*Directions for this task*. For every entry that follows, return an identical copy.

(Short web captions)
------------------------------------------------------------------------

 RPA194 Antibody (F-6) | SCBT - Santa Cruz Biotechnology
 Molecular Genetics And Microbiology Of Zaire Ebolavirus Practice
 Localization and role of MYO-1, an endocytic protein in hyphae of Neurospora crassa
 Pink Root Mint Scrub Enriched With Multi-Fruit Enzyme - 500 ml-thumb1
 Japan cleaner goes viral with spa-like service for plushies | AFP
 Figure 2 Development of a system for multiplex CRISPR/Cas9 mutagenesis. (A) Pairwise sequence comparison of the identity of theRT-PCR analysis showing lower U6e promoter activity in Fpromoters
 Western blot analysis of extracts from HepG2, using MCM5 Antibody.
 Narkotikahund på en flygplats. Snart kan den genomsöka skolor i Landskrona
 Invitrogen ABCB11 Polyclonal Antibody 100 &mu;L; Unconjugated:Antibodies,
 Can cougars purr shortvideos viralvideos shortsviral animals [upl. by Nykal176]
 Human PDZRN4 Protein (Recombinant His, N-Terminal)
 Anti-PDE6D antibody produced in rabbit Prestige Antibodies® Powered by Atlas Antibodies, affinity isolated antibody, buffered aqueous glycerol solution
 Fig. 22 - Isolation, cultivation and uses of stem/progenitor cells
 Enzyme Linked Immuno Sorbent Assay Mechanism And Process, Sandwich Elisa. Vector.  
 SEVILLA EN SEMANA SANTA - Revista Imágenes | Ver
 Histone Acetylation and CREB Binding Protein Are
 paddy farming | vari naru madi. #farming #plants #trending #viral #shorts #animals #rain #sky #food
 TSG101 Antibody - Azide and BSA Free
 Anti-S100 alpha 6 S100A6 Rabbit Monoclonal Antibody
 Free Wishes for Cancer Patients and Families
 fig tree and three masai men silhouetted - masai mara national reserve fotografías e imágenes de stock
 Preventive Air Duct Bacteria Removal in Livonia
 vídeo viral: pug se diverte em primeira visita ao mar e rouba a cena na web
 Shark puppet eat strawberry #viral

------------------------------------------------------------------------

*Finished exercise*.
 RPA194 Antibody (F-6) | SCBT - Santa Cruz Biotechnology
 Molecular Genetics And Microbiology Of Zaire Ebolavirus Practice
 Localization and role of MYO-1, an endocytic protein in hyphae of Neurospora crassa
 Pink Root Mint Scrub Enriched With Multi-Fruit Enzyme - 500 ml-thumb1
 Japan cleaner goes viral with spa-like service for plushies | AFP
 Figure 2 Development of a system for multiplex CRISPR/Cas9 mutagenesis. (A) Pairwise sequence comparison of the identity of theRT-PCR analysis showing lower U6e promoter activity in Fpromoters
 Western blot analysis of extracts from HepG2, using MCM5 Antibody.
 Narkotikahund på en flygplats. Snart kan den genomsöka skolor i Landskrona
 Invitrogen ABCB11 Polyclonal Antibody 100 &mu;L; Unconjugated:Antibodies,
 Can cougars purr shortvideos viralvideos shortsviral animals [upl. by Nykal176]
 Human PDZRN4 Protein (Recombinant His, N-Terminal)
 Anti-PDE6D antibody produced in rabbit Prestige Antibodies® Powered by Atlas Antibodies, affinity isolated antibody, buffered aqueous glycerol solution
 Fig. 22 - Isolation, cultivation and uses of stem/progenitor cells
 Enzyme Linked Immuno Sorbent Assay Mechanism And Process, Sandwich Elisa. Vector.  
 SEVILLA EN SEMANA SANTA - Revista Imágenes | Ver
 Histone Acetylation and CREB Binding Protein Are
 paddy farming | vari naru madi. #farming #plants #trending #viral #shorts #animals #rain #sky #food
 TSG101 Antibody - Azide and BSA Free
 Anti-S100 alpha 6 S100A6 Rabbit Monoclonal Antibody
 Free Wishes for Cancer Patients and Families
 fig tree and three masai men silhouetted - masai mara national reserve fotografías e imágenes de stock
 Preventive Air Duct Bacteria Removal in Livonia
 vídeo viral: pug se diverte em primeira visita ao mar e rouba a cena na web
 Shark puppet eat strawberry #viral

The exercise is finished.